DE RUEHDM #0100/01 0340935
ZNY CCCCC ZZH
P 030935Z FEB 10
FM AMEMBASSY DAMASCUS
TO RUEHC/SECSTATE WASHDC PRIORITY 7310
INFO RUCNIRA/IRAN COLLECTIVE

C O N F I D E N T I A L DAMASCUS 000100

SIPDIS

LONDON FOR MILLER, PARIS FOR NOBLES

E.O. 12958: DECL: 02/03/2020
TAGS: PTER PREL PGOV SY IR
SUBJECT: WORRIED AT THE IRANIAN EMBASSY? DIPLOMATS REPORT
CONCERN OVER SARG-US ENGAGEMENT

REF: A. 09 DAMASCUS 880
B. 09 DAMASCUS 884
C. DAMASCUS 41

Classified By: CDA Charles Hunter For Reasons 1.4 (b) and (d).

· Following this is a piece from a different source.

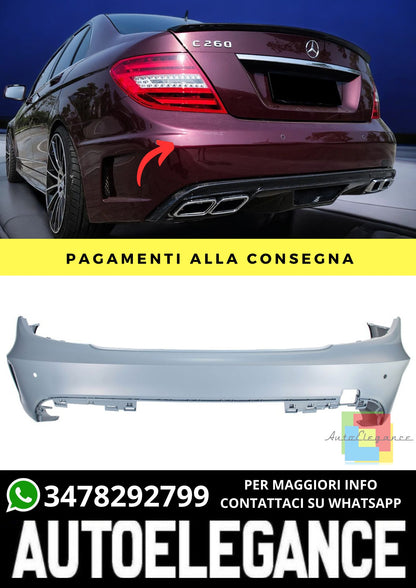 Paraurti Posteriore adatto per Mercedes C-Class W204 2007-2015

1. (C) SUMMARY: Syria-based diplomats report that the Iranian
Embassy in Damascus is concerned about the SARG's increased
engagement with the United States and moderate regional
states like Saudi Arabia and Turkey. After three American
delegations met with President Bashar al-Asad and visiting
American delegations, our contacts said generally
tight-lipped diplomats stationed at the Iranian Embassy had
expressed displeasure over the increasing frequency of USG
visits to Damascus while warning their diplomatic
counterparts the U.S. was attempting to divide Iran from its
Syrian allies. Arab diplomats also provided us additional
details regarding conversations between Iranian Foreign
Minister Manouchehr Mottaki and SARG officials during his
January 11 visit to Syria that highlight potential policy
differences between Tehran and Damascus. END SUMMARY.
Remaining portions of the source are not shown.